Re: Offensive Coding
Posted: Jul 17, 2006 12:01 PM
> The problem with the, "I'll rescue you" programming is
> that there is no way to know what the caller meant when
> they passed in the bad parameter. In the flight control
> system example, maybe the null parameter meant 'empty'
> maybe it's a bug and treating it as empty will cause the
> program to fail silently and the plane to crash, whereas
> blowing up will let the pilot know that the flight-system
> has failed. More importantly, silent failures are a lot
> harder to detect during testing and I'm pretty sure flight
> control systems are tested pretty well.
> My experience is that a lot of bugs that make it into
> production are the result of not blowing up when things go
> wrong. For example, I had a bad day where I had to
> manually merge some code with a contractor's (don't ask)

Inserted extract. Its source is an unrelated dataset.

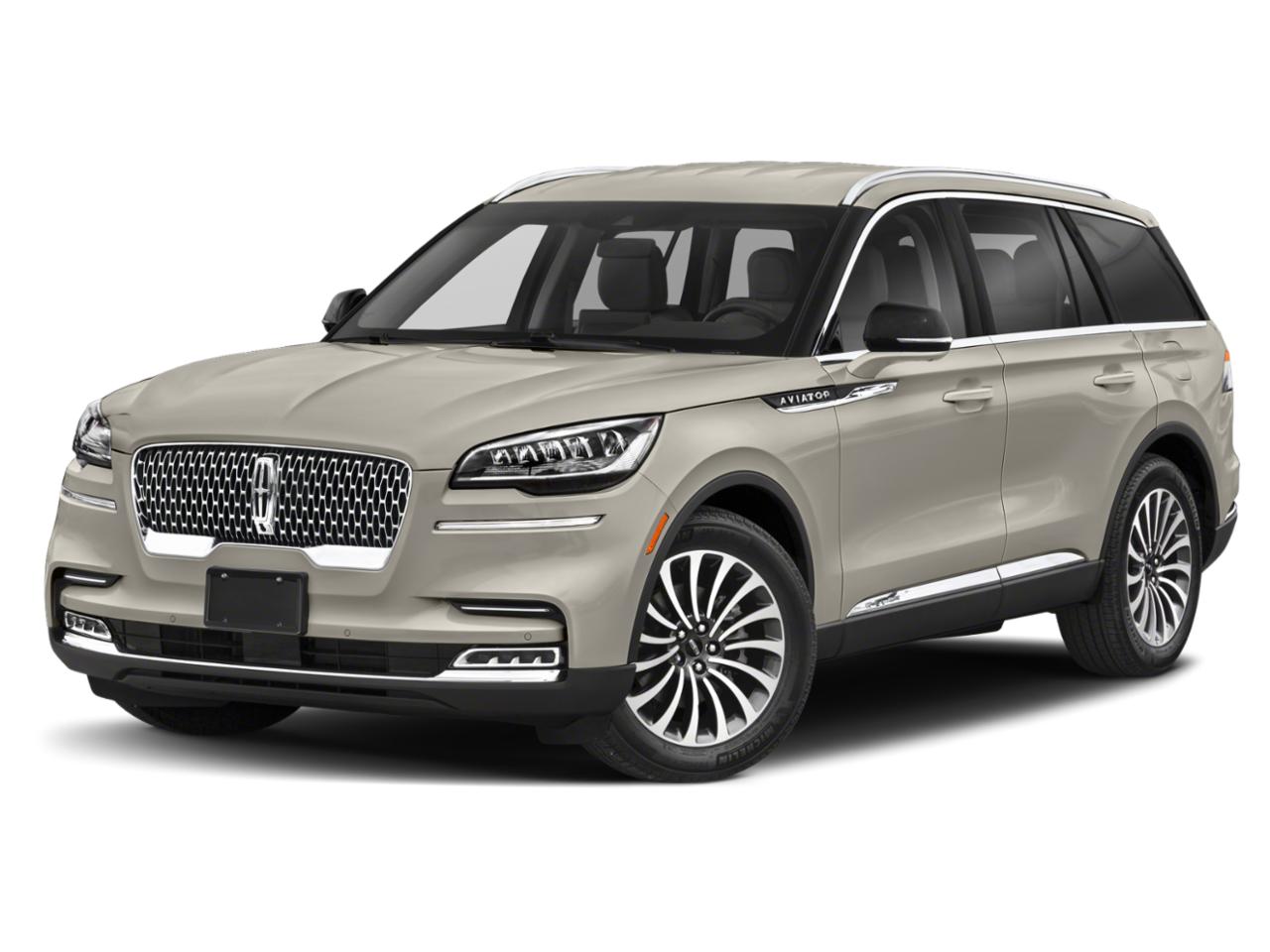 2021 Lincoln Aviator Vehicle Photo in San Antonio, TX 78209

> and I screwed up. I didn't notice the issue in limited
> testing (because I stupdily decided it was already
> tested.) What happened next was extremely ugly. I was
> passing in bad data, instead of failing up front and
> rejecting the input, it placed orders in the system with
> corrupted data. It took quite a while for the data to
> percolate through the system and make the problem
> apparent, so meanwhile tens of thousands of bad orders
> were being placed.
> If the code had just blown up on bad input 1. I wouldn't
> have put it into production and 2. even if I had, the
> problems would have been manifested immediately with
> failed orders resulting in a short downtime instead of a
> huge debacle.
I'm not interested in rescuing anybody else. I'm interested in my program acting correctly on any input. There should rarely, if ever, be any 'maybe' about what is passed in. You should be able to fail to a reasonable state when you get bad input. You should be able to figure out if the input you are getting is good or not and you should be able to figure out what to do in either case. The amount of processing you do in this regard is totally dependent on the system you are writing. I agree that failing silently is bad. I would further say that, if you are concerned with failing silently then your time would be better spent getting rid of all those empty try/catch blocks because of checked exceptions than they would be looking for spurious null checks.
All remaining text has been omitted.